In Wichelman v. W. U. Tel. Co. (30 Misc. Rep. 450), which was an action to recover a penalty under section 103 of the Transportation Corporations Law for failure on the part of the defendant to transmit messages with impartiality and in good faith and in the order in which they were received, Mr. Justice Leventritt thus states the rule: “The provision invoked is penal and must be strictly construed. (Romberg v. Kouther, 27 Misc. Rep. 227.) The imposition of the penalty must be limited to acts of partiality, bad faith, or preference, in the order of transmission. To sustain his position the plaintiff would import into the statute other elements unwarranted
And in the case of Gifford v. Glen Telephone Company (54 Misc. Rep. 468, 470), also involving an action for a penalty under section 103 of the Transportation Corporations Law, Mr. Justice McLaughlin thus interprets the statute: “ The statute imposes the penalty not for an error of judgment of one of defendant’s operators, a defective instrument, or a misunderstanding as to whether a required charge for a message has been paid, but solely for the refusal to transmit dispatches with impartiality, good faith and in order of their reception, after payment of the usual charges as established by rules and regulations of such corporation.”
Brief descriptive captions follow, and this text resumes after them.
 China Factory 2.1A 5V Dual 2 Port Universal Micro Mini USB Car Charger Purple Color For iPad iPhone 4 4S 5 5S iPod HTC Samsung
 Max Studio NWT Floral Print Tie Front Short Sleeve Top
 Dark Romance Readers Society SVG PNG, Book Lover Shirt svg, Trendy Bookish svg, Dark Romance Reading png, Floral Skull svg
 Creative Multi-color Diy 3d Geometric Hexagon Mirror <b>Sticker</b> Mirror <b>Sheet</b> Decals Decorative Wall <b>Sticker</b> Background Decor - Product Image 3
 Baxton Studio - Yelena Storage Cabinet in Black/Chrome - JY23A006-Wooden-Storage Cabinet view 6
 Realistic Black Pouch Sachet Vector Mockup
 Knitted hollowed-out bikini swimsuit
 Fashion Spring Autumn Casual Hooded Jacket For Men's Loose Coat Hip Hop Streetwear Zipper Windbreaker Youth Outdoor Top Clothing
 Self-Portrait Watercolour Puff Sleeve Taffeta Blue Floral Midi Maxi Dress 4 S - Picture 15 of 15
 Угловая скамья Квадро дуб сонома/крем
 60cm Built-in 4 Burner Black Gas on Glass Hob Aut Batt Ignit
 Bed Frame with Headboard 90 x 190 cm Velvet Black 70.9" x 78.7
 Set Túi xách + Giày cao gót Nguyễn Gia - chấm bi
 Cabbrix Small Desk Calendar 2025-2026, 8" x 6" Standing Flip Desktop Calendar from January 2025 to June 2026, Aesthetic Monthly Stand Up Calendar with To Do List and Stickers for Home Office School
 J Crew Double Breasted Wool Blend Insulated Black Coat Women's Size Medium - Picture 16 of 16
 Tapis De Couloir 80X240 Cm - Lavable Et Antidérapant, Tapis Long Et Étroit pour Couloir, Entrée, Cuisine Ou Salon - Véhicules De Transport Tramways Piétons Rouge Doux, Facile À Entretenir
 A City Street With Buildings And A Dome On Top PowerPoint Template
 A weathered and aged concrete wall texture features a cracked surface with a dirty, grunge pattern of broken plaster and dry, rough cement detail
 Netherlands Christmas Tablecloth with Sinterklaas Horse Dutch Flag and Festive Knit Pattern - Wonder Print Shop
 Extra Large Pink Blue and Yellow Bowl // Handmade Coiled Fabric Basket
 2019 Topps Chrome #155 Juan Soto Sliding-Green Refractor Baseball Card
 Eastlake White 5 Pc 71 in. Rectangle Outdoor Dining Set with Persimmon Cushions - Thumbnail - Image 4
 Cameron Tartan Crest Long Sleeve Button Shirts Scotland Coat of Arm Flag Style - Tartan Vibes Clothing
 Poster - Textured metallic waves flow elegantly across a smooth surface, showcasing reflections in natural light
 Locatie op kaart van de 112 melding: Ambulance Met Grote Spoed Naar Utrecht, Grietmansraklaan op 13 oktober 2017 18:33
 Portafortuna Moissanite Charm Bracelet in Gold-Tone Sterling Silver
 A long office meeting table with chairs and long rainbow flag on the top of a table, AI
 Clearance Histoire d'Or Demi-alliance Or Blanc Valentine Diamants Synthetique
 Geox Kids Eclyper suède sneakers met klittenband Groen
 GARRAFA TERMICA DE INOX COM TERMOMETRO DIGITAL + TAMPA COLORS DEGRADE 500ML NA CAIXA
This case is entirely lacking in any evidence to show any bad faith on the part of the defendant company, and without such evidence the plaintiff cannot recover the penalty provided by the statute.
The judgment and order appealed from should be reversed and judgment absolute ordered for the defendant.
All concurred, Robson and Lambert, JJ., in result only, except Kruse, P. J., who dissented in a memorandum and voted for affirmance.
Dissenting Opinion
I dissent upon the following grounds:
1. I am of the opinion that a refusal by a telephone company in bad faith to send a prepaid message at all is as much a discrimination within the statute as where it shows partiality in sending messages out of the order in which it receives them; also that the statute applies to a message whether it is offered at a public station or through a private telephone connected with the public station, and that, I think, is so whether the payment is made for the specific message offered and refused, or included in a payment for messages covering a given period of time.
2. Bad faith may be found from the evidence in the record.
I think the learned trial judge clearly and correctly submitted the case to the jury and that his order in refusing to set the verdict aside should not be disturbed.
Judgment and order reversed and judgment directed for the defendant dismissing the complaint, with costs, including the costs of this appeal.